As part of the residency the Directors of MART and Livestock are proud to have partnered with Bernard O’Rourke and Ewa Pypno who have developed a brand new website for Livestock: http://livestock-art.com/ . This serves as an archive and online exhibition of all Livestock events and activities right back to 2010. And for the one week in December the website will host a special online screening of a performance to video work by Eleanor Lawler.

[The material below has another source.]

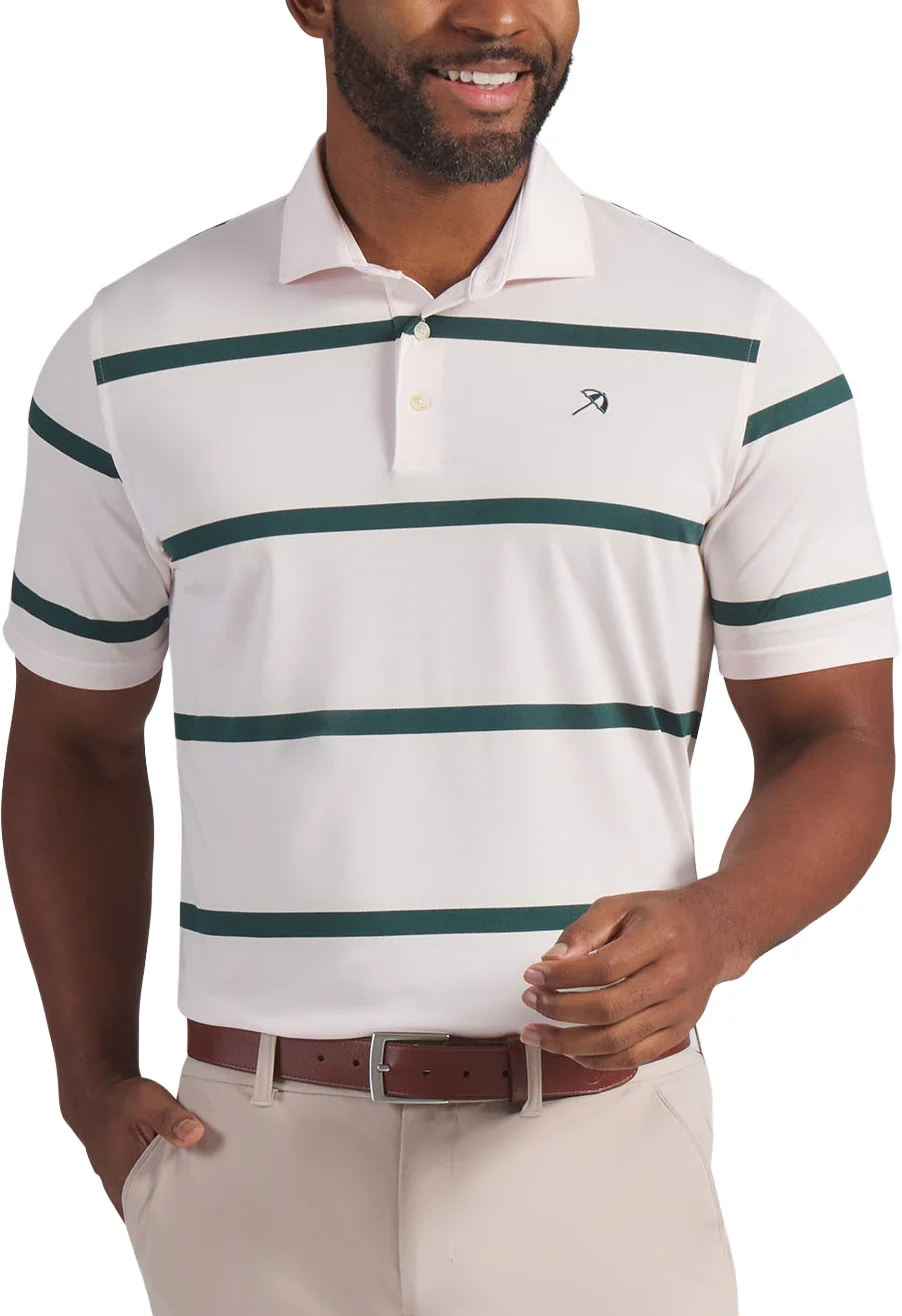 PUMA x AP Pique Stripe Mens Golf Polo - Pink, Size: Small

This project is running as part of MART’s 2021 programme which was kindly supported by The Arts Council of Ireland. The programme focuses on providing a range of opportunities for Live Artists through workspace, exhibition and live event space to develop, present, document and critically discuss their work. The programme includes artists from across the country and of all career levels, in order to build, strengthen, and support arts in Ireland. With a growing body of performance artists in Ireland, whose work has a power to speak to audiences through practices that are rich and diverse, we are proud to focus on this exciting discipline, to provide a platform for the temporal nature of performance and its artists.
About the Artists:
Conor Coady – Artist in Residence from 29th Nov – 5th Dec
Conor Coady is an Irish visual and performance artist originally from Co. Kilkenny and Co.Carlow, living and practising in Ireland. He studied Sculpture and Combined Media at Limerick School of Art & Design, has since been practising through performance and collaboration. He was the Emerging Artist Residency Award winner at Burren College of Art, and soon after shortlisted for the RDS Awards Exhibition 2018, Dublin, curated by Amanda Coogan. Coady has proactively exhibited in group shows including at Draiocht Gallery, Blanchardstown, Dublin, King Johns Castle, Limerick, MART Gallery, Rathmines, Dublin, KFest Music and Arts Festival, Kilorgan, Kerry, Dali&Gala Warehouse, Cork City as well as participating in performance art installations in EVA International 2016 and 2018. He is a member of EVIL Limerick Performance collective, and has performed at EVIL A Night of Live Art No.2, 2018.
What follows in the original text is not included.